According to a recent report by Axios, USCIS has begun to issue denials for Afghan applications for humanitarian parole. These denials highlight the ongoing struggle for thousands of Afghan evacuees to resettle following the withdrawal of U.S. troops from their war-torn country.
Crisis in Afghanistan
You may remember the powerful images of individuals fleeing Afghanistan following the withdrawal of U.S. forces from the country late last summer. With the impending Taliban takeover, tens of thousands of Afghans evacuated with few or no belongings, often piling into small aircraft departing from the Kabul airport. In total, nearly 130,000 Afghans fled the country. As the dust settles, questions increase as to how to efficiently and humanely resettle these refugees in the United States.

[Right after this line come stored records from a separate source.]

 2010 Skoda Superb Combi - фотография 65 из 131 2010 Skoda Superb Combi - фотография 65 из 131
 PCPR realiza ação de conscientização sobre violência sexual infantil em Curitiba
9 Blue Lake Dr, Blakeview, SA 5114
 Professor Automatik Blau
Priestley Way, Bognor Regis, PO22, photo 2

Following the chaos of the withdrawal, Alejandro Mayorkas, the Secretary of the Department of Homeland Security (“DHS”), reiterated the Biden Administration’s “enduring commitment” to assisting Afghan refugees who aided the U.S. war effort and those particularly vulnerable under Taliban rule.
Operation Allies Welcome
At the direction of President Biden, DHS has undertaken efforts to assist vulnerable Afghans in the resettlement process, implementing Operation Allies Welcome. As part of that effort, former governor of Delaware Jack Marell will coordinate the operation, which will bring together multiple federal agencies to efficiently and safely resettle tens of thousands of Afghans in the United States.

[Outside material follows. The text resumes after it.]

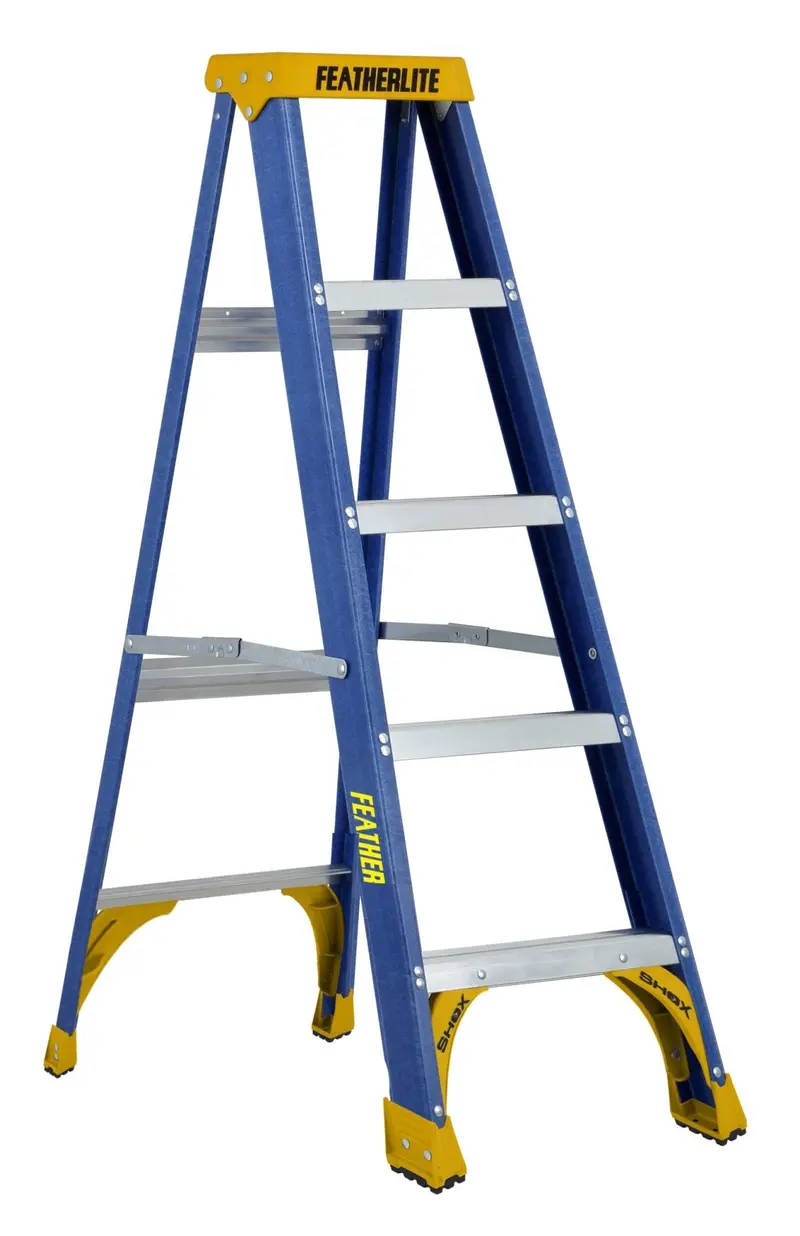 Featherlite 5-Foot Heavy-Duty Fiberglass Stepladder – Lightweight & Stable 1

According to Secretary Mayorkas, over 40,000 Afghans arrived in the United States, of whom approximately 20% were either U.S. citizens or legal permanent residents. More recent estimates put this number closer to 75,000. The majority of Afghans awaiting entry into the United States are housed in military bases across the United States as they await the start to their new life in the United States. Despite significant efforts, thousands remain in limbo this holiday season.

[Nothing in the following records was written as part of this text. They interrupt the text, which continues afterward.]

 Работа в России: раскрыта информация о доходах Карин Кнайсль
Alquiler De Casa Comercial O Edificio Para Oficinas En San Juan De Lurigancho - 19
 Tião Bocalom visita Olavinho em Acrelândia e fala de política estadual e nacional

The U.S. Citizenship and Immigration Services (“USCIS”) has struggled to keep up with the surge in applications for humanitarian parole. According to USCIS, humanitarian parole is utilized to admit noncitizens into the United States in circumstances involving an urgent humanitarian reason or for whom there is a significant public health benefit. The benefit of humanitarian parole is that it provides a two-year stopgap to allow for individuals to then apply to a host of immigration programs like asylum, refugee status, or a special immigrant visa.
A recent article by Axios highlights reports of recent denials of applications for humanitarian parole despite promises by the Biden administration to assist Afghan evacuees with the resettlement process.
Although many applications have been approved, at least one denial letter requested documentation of the serious harms faced by the applicant. This request comes despite explicit 2017 USCIS guidance providing that humanitarian parole may be granted for those fearing harm due to generalized violence. Some immigration lawyers have complained this request poses unnecessary bars to those seeking relief.
Administration officials reportedly told Axios the denials reflect that the program was never intended as a workaround to the refugee resettlement program or Operation Allies Welcome and only will be used for people in extreme circumstances outside the operation and unable to wait for refugee resettlement. Although the Biden administration has not made an official comment on these denials, they underscore the complicated immigration process Afghan evacuees must negotiate before obtaining legal status in the United States.